Information provided —

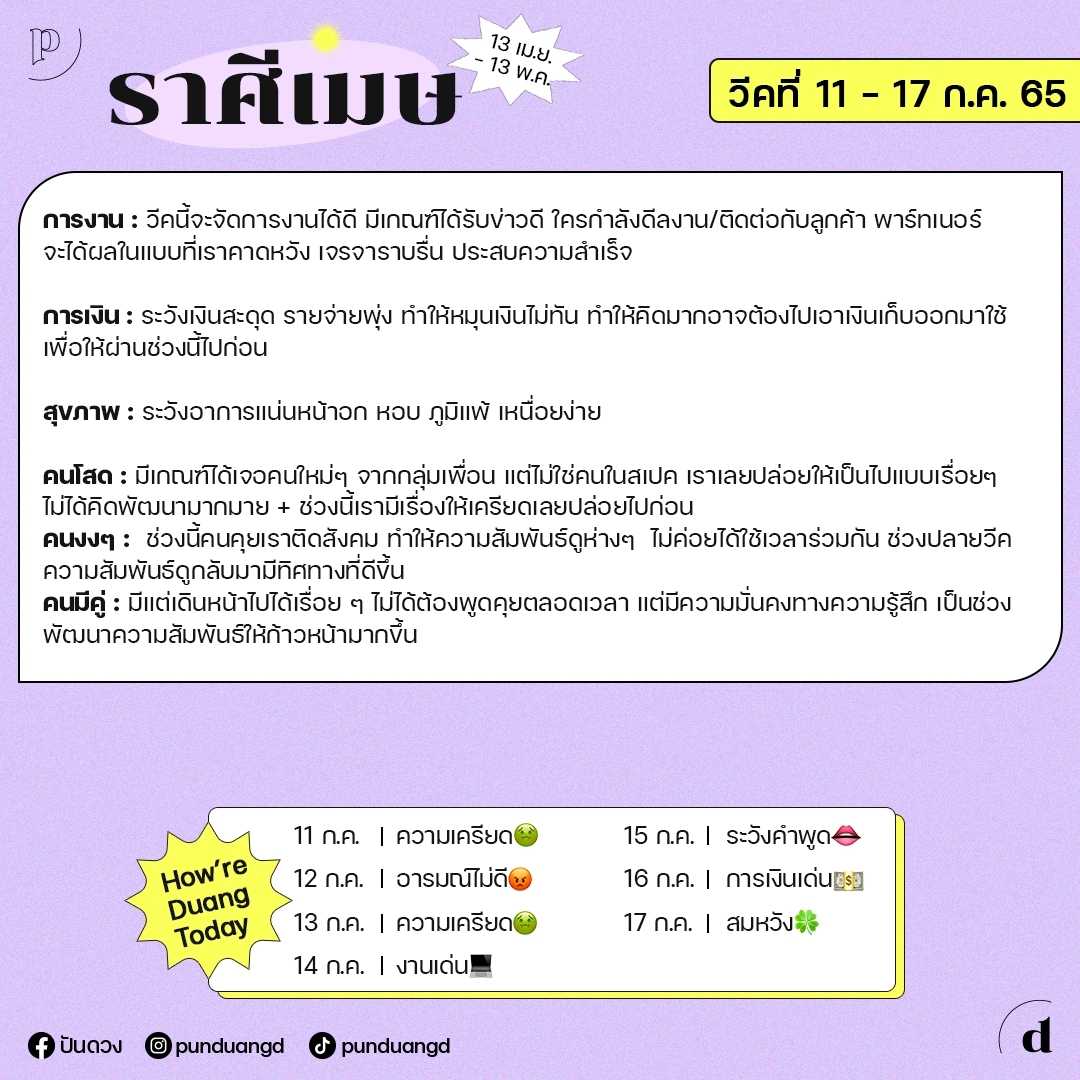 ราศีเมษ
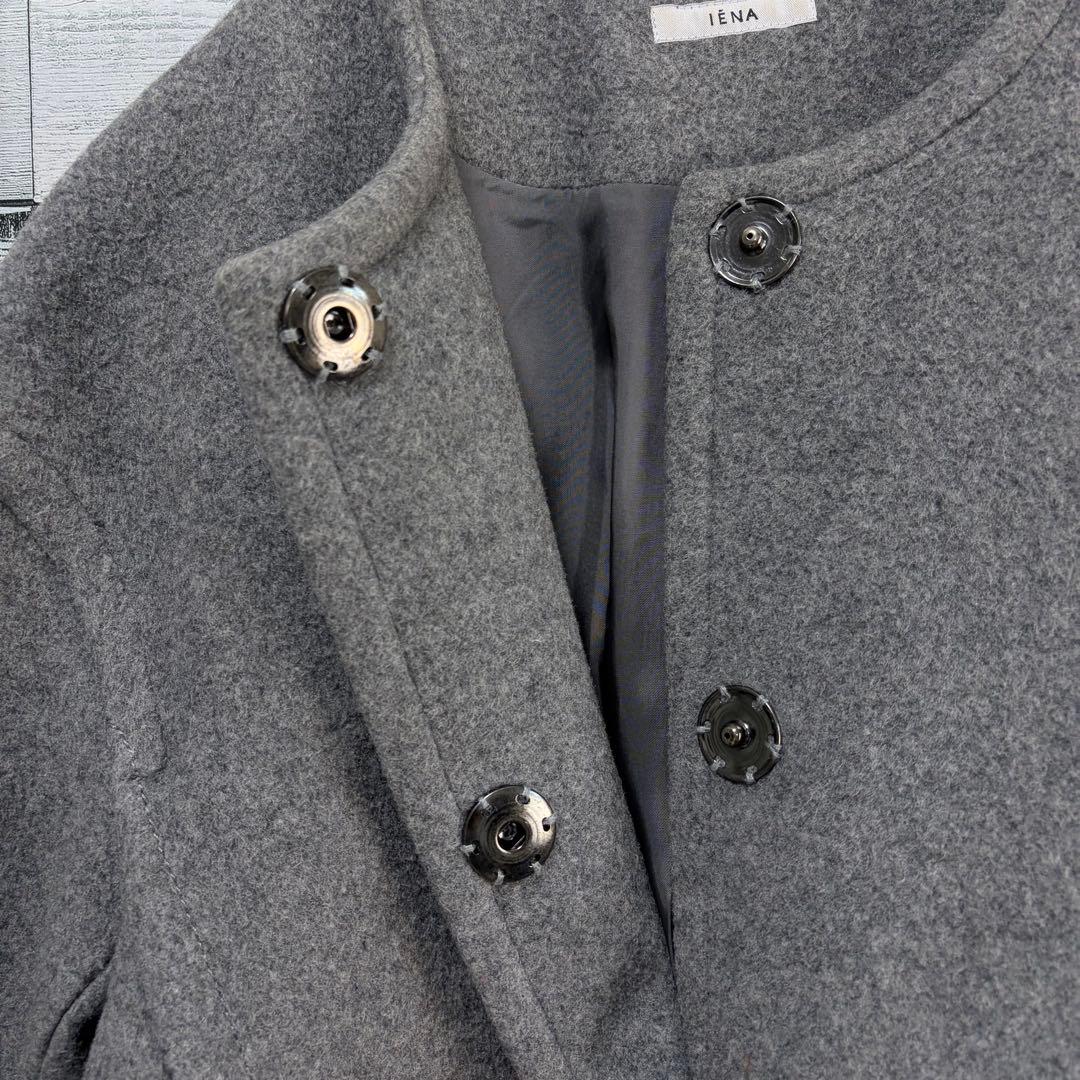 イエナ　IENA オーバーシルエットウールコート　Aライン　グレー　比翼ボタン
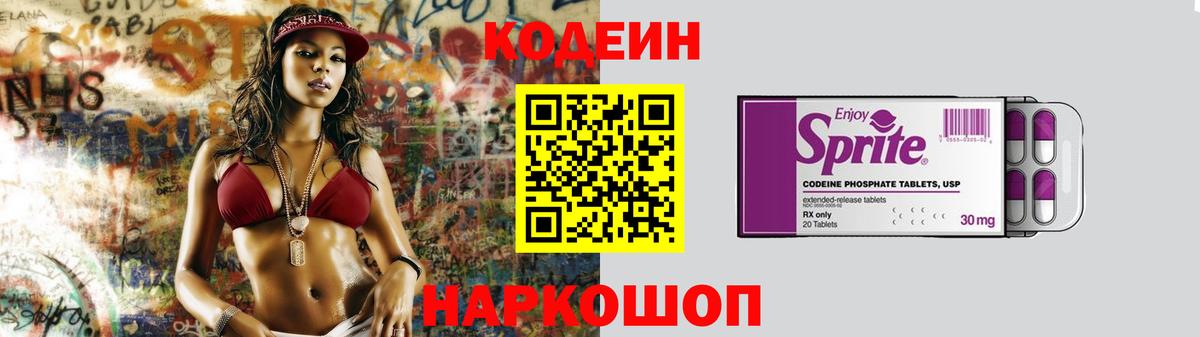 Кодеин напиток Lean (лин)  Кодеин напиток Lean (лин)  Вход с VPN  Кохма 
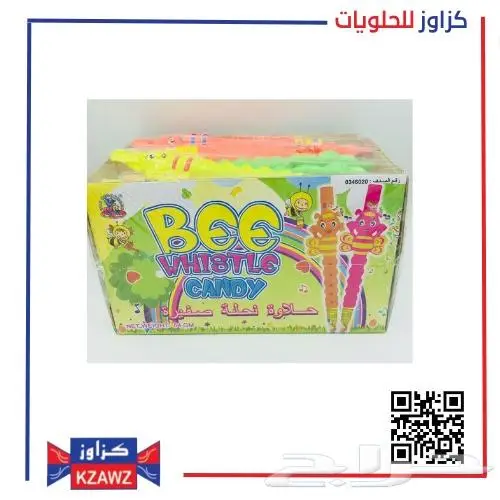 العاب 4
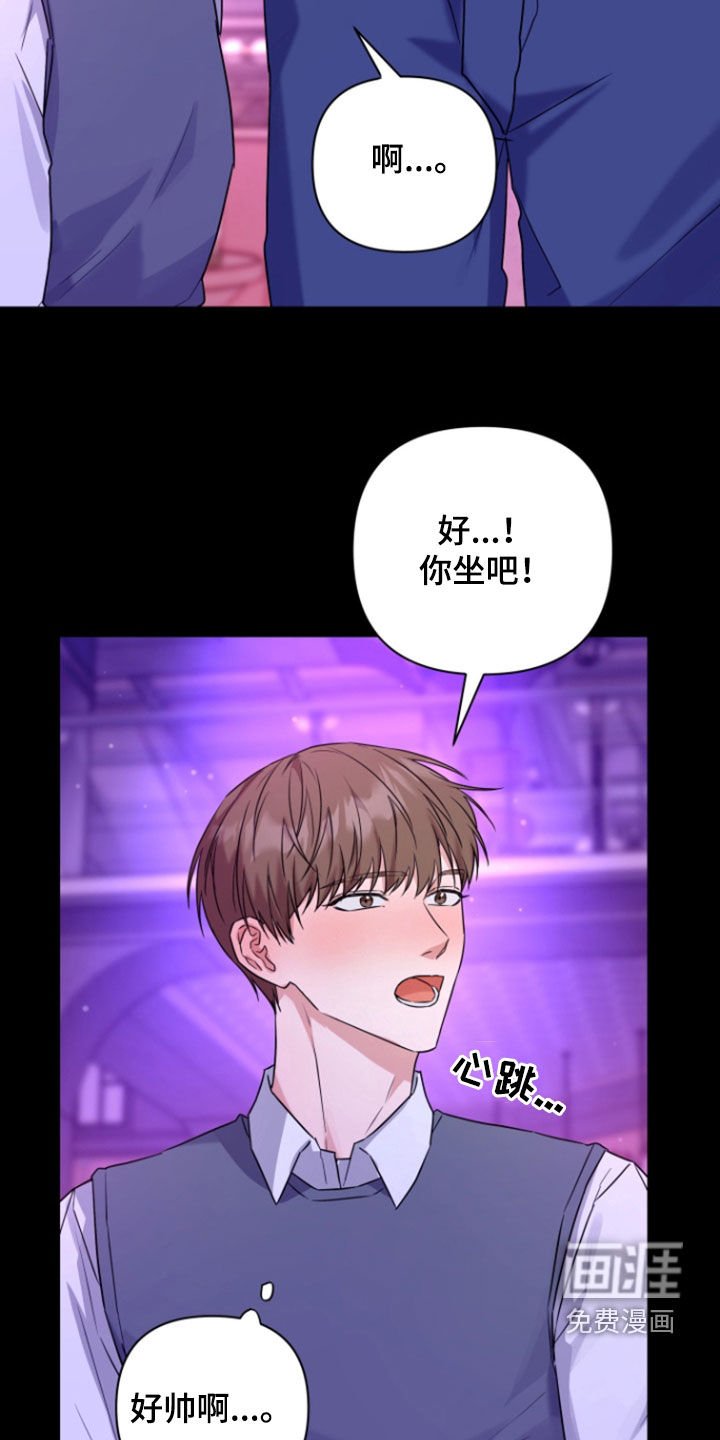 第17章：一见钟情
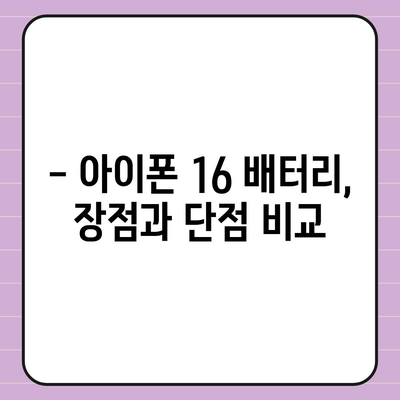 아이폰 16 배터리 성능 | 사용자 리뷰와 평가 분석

Task goal — Starting at the line that contains "イエナ　IENA オーバーシルエットウールコート　Aライン　グレー　比翼ボタン", write out every line through the end of the entries above exactly, and omit the pictures.

Solution to this task —
 イエナ　IENA オーバーシルエットウールコート　Aライン　グレー　比翼ボタン
 Кодеин напиток Lean (лин)  Кодеин напиток Lean (лин)  Вход с VPN  Кохма 
 العاب 4
 第17章：一见钟情
 아이폰 16 배터리 성능 | 사용자 리뷰와 평가 분석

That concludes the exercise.